# Gunsmith?



## my3nme (Oct 9, 2007)

Pensacola or Mobile, who's the best? Thanks


----------



## countryjwh (Nov 20, 2007)

What do you need done?


----------



## my3nme (Oct 9, 2007)

have a Remington R25 .308 that will not eject correctly. Called Remington and tried to do what they said but still not 100%. If I have to ship it I have to take scope off and it's just a pain in the rear.


----------



## Coconut Joe (Oct 5, 2007)

Not trying to derail thread but how do you like the R25 good/bad? I'm trying to decide between R25 and Ruger Gun Scout.


----------



## my3nme (Oct 9, 2007)

I bought the gun for my youngest son. Put the trijcon 3x15x56 accupoint. It is fine. He was shooting a 7.08 Rugar. He's only 10 but has killed a couple of bucks most grown men would be proud of. It is a minor fix I believe.


----------



## CHUMM BUCKET (Jul 2, 2008)

*pensacola*

rick @ lock & gun on garden st. i promise you will like him. "keep smiling"


----------



## BlazerBen (Feb 17, 2011)

Mr.

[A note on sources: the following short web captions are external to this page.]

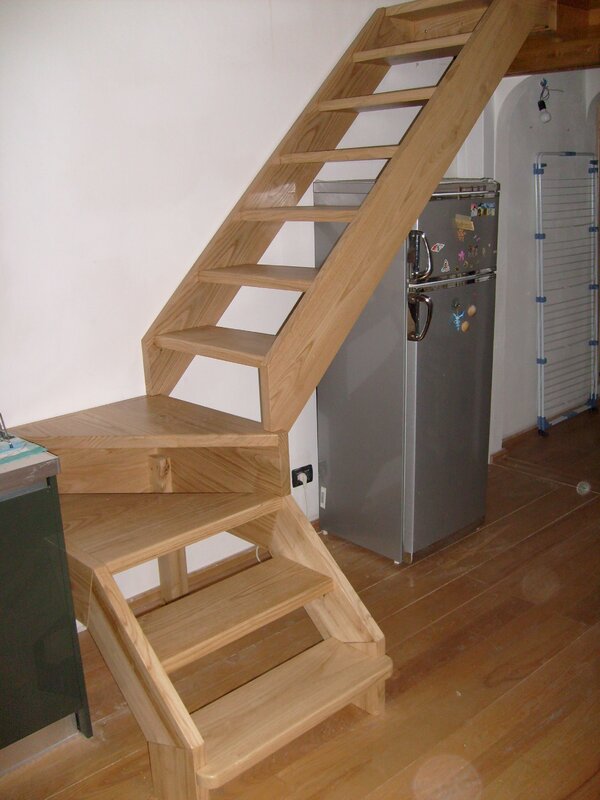 Wooden staircase to the attic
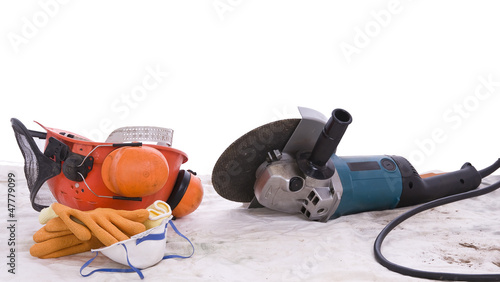 angle grinder and protective equipment on dust sheet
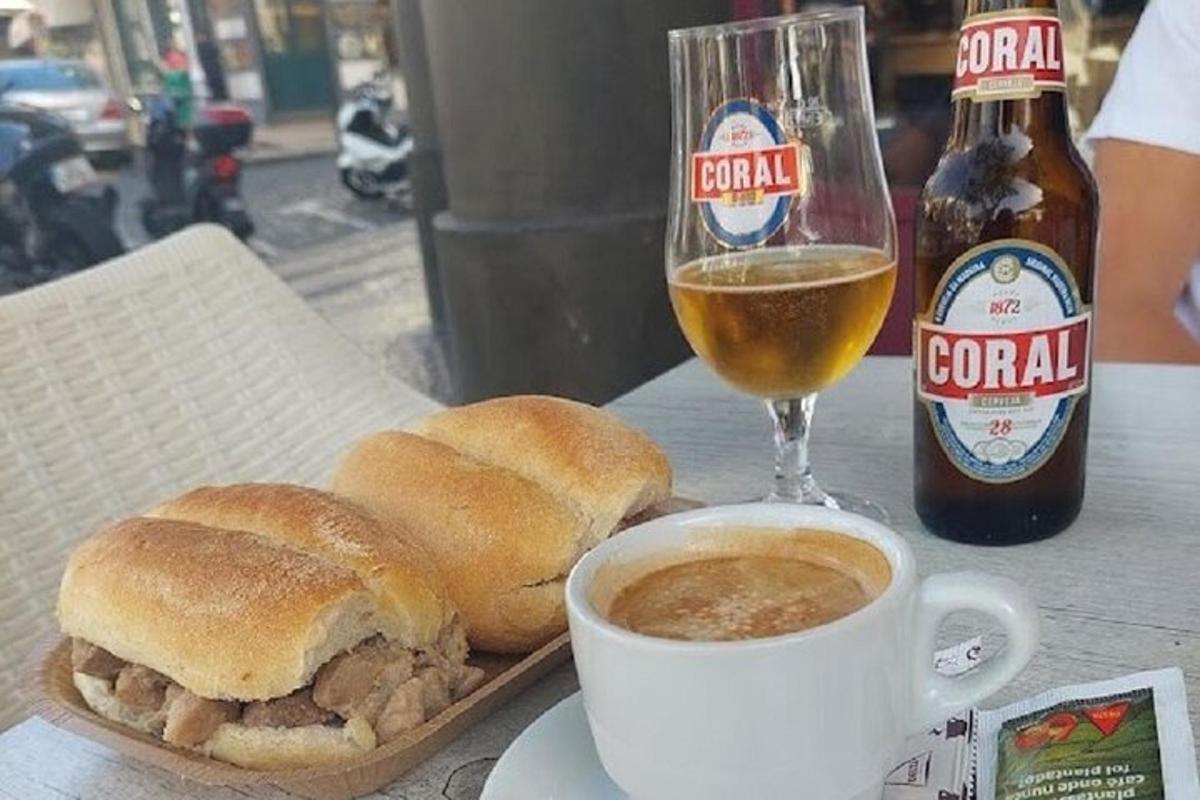 a sandwich and a cup of coffee and a glass of beer
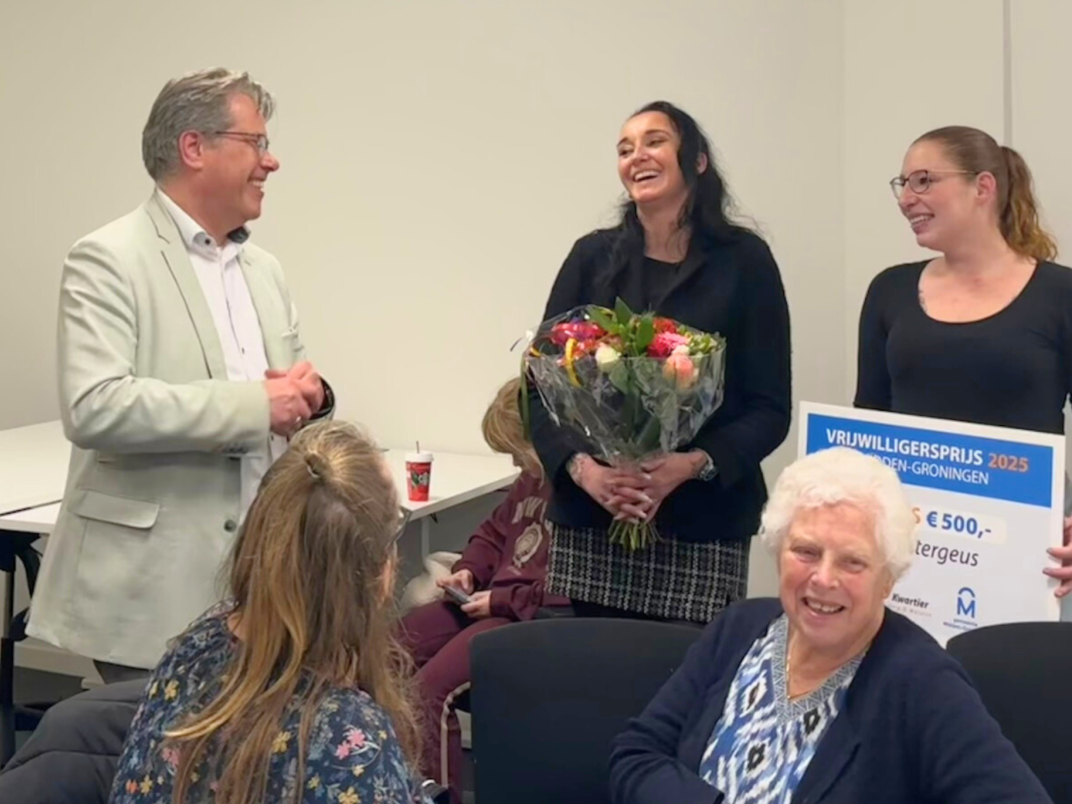 Wethouder Evert Offereins rijkt de vrijwilligersprijs uit aan de vrijwilligers van Zwemvereniging de Watergeus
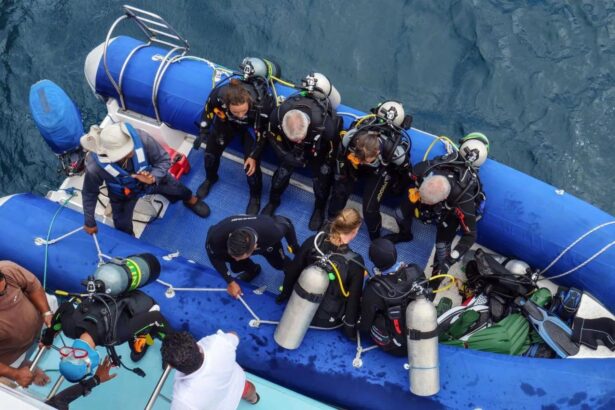 Divers gearing up on the Aqua's inflatable tender before entering the water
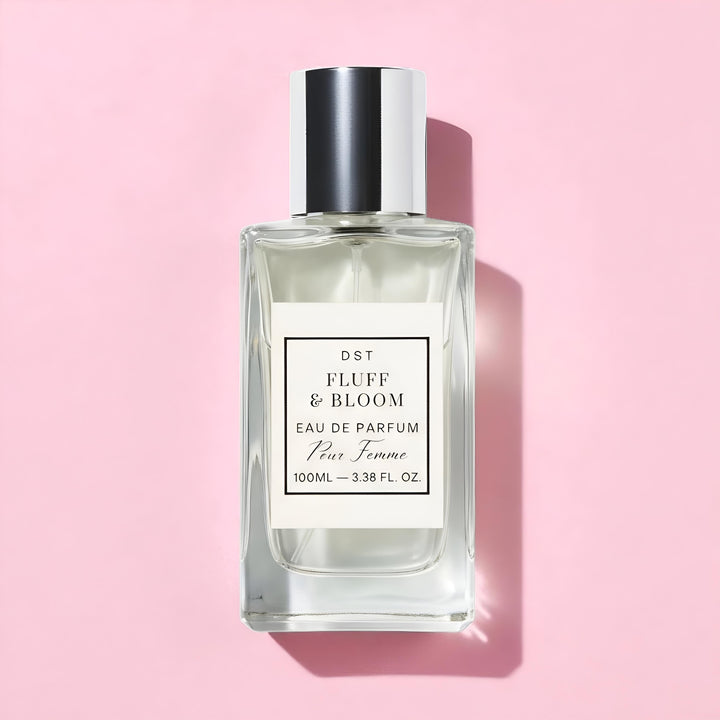 Perfume bottle labeled 'Fluff & Bloom' on a pink background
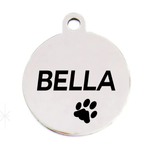 A round silver metal pet ID tag with a hanging loop at the top, featuring the name 'BELLA' in bold black letters and a black paw print below it, shown on a plain white background.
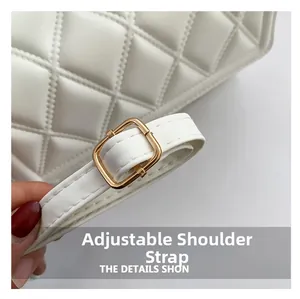 Detail of adjustable shoulder strap with golden metal buckle on white quilted handbag
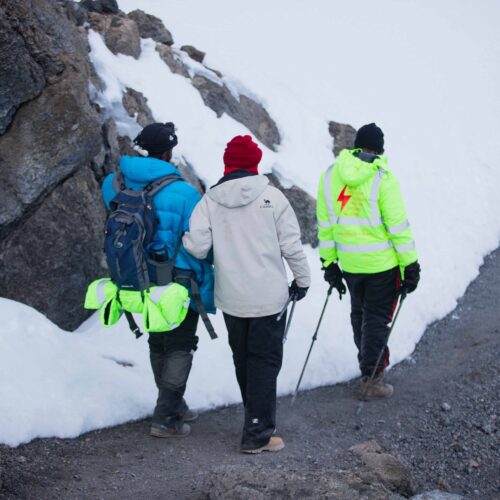 Three hikers navigate a snowy mountain trail, equipped with winter gear.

Terry Marsh up in Walnut Hill, he is the best there is with any kind of gun, take it to him and not only will it work properly it will drive tacks at 100 yds.


----------



## CallMeQuig (May 30, 2011)

+1 for Rick at lock and gun


----------



## my3nme (Oct 9, 2007)

thanks guys I appreciate it


----------